Pharrell has been busy these last few years. The musician launched a MasterClass series, continued his Something In The Water music festival, and even released his own line of skincare. But all the while he continued to be tied up in a six-year-long copyright case against Marvin Gaye’s estate. But following a recent decision from a judge, his case has reportedly been put to rest.
The original lawsuit was filed following the release of “Blurred Lines,” Pharrell’s collaboration with Robin Thicke. It alleged that the two had ripped off Marvin Gaye’s “Got to Give It Up.” Eventually, courts sided with Gaye’s estate, saying Pharrell and Thicke had plagiarized the song. But Gaye’s estate did not stop there.
They followed-up the lawsuit by hitting Pharrell with a perjury motion, saying the musician lied in court. They cited a 2019 GQ interview where Pharrell stated he “reverse engineered” Gaye’s song. “We try to figure out if we can build a building that doesn’t look the same, but makes you feel the same way,” Pharrell said. “I did that in ‘Blurred Lines,’ and got myself in trouble.” Gaye’s estate was seeking $3.5 million in attorney fees from the perjury case, but thanks to a recent ruling, Pharrell can get off scot-free (well, besides losing the copyright lawsuit).

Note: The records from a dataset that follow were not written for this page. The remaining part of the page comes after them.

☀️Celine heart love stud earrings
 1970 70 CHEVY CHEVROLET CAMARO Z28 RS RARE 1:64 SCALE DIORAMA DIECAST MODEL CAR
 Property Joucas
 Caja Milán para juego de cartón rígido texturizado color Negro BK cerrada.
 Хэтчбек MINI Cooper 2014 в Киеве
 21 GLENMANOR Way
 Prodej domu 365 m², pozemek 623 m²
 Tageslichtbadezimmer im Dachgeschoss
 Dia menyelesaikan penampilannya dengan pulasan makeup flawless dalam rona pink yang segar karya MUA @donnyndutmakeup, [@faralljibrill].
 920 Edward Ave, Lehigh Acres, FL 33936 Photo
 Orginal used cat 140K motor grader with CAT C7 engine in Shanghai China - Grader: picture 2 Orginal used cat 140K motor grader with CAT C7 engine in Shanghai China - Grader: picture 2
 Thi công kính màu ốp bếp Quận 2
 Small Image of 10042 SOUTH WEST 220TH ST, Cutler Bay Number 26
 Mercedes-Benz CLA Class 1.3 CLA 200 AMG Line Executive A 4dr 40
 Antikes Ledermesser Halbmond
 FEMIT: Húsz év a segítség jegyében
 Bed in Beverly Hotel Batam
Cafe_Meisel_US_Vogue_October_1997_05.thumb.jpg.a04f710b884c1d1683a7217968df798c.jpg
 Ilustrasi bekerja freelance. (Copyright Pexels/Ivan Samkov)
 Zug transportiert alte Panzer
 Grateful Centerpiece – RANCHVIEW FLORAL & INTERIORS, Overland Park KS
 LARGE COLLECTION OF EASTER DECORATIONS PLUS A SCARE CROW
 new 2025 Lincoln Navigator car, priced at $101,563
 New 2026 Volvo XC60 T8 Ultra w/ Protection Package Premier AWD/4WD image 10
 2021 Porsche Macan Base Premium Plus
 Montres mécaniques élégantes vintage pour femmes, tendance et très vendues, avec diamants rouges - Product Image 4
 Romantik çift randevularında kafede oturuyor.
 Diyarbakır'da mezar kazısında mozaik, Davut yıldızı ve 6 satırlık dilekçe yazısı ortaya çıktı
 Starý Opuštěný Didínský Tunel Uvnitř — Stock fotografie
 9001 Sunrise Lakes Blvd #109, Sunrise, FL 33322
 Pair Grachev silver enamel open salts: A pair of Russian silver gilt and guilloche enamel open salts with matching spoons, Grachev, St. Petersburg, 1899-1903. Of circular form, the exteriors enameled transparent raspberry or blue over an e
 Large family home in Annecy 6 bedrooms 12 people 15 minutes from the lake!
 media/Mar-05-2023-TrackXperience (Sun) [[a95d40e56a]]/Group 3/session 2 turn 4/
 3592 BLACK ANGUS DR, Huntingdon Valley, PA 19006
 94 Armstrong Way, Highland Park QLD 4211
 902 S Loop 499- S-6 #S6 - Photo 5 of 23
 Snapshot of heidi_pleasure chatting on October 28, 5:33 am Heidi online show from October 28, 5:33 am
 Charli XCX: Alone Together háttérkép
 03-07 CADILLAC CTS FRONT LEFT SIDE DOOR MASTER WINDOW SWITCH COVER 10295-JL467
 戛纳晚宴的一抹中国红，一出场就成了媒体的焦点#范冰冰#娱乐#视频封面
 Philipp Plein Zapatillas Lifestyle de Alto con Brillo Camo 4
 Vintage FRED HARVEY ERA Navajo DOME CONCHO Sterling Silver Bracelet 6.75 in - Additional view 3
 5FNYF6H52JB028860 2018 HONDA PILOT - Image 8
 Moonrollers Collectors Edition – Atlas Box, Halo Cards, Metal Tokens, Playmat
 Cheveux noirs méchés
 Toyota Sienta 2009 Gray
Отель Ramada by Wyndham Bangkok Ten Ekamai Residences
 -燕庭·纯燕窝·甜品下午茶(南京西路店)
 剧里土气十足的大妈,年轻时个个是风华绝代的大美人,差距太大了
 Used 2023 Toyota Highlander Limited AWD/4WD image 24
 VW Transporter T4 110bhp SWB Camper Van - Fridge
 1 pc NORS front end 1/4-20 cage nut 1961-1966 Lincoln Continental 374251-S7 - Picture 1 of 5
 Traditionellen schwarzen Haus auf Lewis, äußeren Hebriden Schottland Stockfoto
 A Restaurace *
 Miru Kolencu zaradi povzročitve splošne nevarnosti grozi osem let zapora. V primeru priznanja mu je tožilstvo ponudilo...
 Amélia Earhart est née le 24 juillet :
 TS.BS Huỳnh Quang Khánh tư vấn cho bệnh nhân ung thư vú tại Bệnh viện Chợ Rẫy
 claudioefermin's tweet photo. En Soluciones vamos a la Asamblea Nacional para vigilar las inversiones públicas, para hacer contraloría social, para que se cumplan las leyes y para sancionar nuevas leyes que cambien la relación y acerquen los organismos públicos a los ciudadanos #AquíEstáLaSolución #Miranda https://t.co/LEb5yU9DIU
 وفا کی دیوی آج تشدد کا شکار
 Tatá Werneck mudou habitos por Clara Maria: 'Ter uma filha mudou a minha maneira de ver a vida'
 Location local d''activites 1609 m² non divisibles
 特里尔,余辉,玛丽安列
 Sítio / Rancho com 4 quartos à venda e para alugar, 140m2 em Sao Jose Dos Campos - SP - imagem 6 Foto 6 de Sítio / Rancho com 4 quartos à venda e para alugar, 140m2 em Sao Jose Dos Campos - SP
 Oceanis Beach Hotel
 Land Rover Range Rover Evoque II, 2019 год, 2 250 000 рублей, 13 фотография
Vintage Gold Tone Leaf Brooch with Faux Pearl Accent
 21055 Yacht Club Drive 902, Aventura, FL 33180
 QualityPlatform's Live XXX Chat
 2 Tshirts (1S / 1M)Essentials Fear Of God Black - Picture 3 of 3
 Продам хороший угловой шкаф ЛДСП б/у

According to a report from People, California District Court Judge John Kronstadt ruled that Pharrell’s statement does not show that he committed perjury in the case. Issuing his verdict, Judge Kronstadt wrote:
“The statements by Williams during the November 2019 Interview were cryptic and amenable to multiple interpretations. For example, it is unclear what Williams meant by ‘reverse-engineer[ing].’ Read in context, Williams statement about ‘reverse-engineering’ could be interpreted as a process in which he remembers his feelings when listening to particular music, and then attempts to recreate those feelings in his own works. This is not inconsistent with his deposition testimony, in which he claimed that he realized after creating ‘Blurred Lines’ that the feeling he tried to capture in the song, was one that he associated with Marvin Gaye. […] For these reasons, the Gaye Parties have not shown by clear and compelling evidence that there are sufficiently material inconsistencies between Williams’ statements in the November 2019 Interview and his sworn testimony, to support a finding of perjury.”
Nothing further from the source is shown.